(Crawled caption data)
####################

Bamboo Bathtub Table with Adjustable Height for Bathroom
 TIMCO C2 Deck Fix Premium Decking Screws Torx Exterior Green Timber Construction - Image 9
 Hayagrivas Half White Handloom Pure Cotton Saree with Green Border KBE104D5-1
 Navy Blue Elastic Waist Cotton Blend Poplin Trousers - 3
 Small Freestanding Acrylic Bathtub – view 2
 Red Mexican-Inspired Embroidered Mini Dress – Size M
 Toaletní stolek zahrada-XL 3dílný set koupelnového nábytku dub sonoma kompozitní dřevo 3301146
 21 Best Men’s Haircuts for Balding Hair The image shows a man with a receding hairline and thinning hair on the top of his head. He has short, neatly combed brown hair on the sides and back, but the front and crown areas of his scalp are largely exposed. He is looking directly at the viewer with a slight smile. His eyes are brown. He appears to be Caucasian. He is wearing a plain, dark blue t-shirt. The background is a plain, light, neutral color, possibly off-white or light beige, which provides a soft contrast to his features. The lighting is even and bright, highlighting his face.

####################

Show every line in the entries where the string "with" occurs.

Bamboo Bathtub Table with Adjustable Height for Bathroom
 Hayagrivas Half White Handloom Pure Cotton Saree with Green Border KBE104D5-1
 21 Best Men’s Haircuts for Balding Hair The image shows a man with a receding hairline and thinning hair on the top of his head. He has short, neatly combed brown hair on the sides and back, but the front and crown areas of his scalp are largely exposed. He is looking directly at the viewer with a slight smile. His eyes are brown. He appears to be Caucasian. He is wearing a plain, dark blue t-shirt. The background is a plain, light, neutral color, possibly off-white or light beige, which provides a soft contrast to his features. The lighting is even and bright, highlighting his face.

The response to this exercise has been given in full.